Print the data that follows word for word, leaving out any picture.

**Data section**
#####

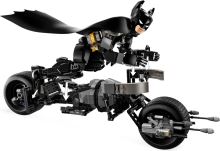 LEGO® DC 76273 Zostaviteľná figúrka: Batman™ a motorka Bat-Pod (2)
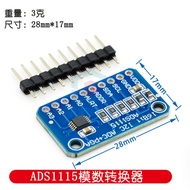 4 Channel ADS1115 Small 16-Bit High Precision Simulation Converter ADC Development Board Module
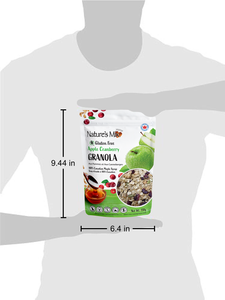 Gluten free – Apple Cranberry Granola – Nut Free 350g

#####

**Written reply**
 LEGO® DC 76273 Zostaviteľná figúrka: Batman™ a motorka Bat-Pod (2)
 4 Channel ADS1115 Small 16-Bit High Precision Simulation Converter ADC Development Board Module
 Gluten free – Apple Cranberry Granola – Nut Free 350g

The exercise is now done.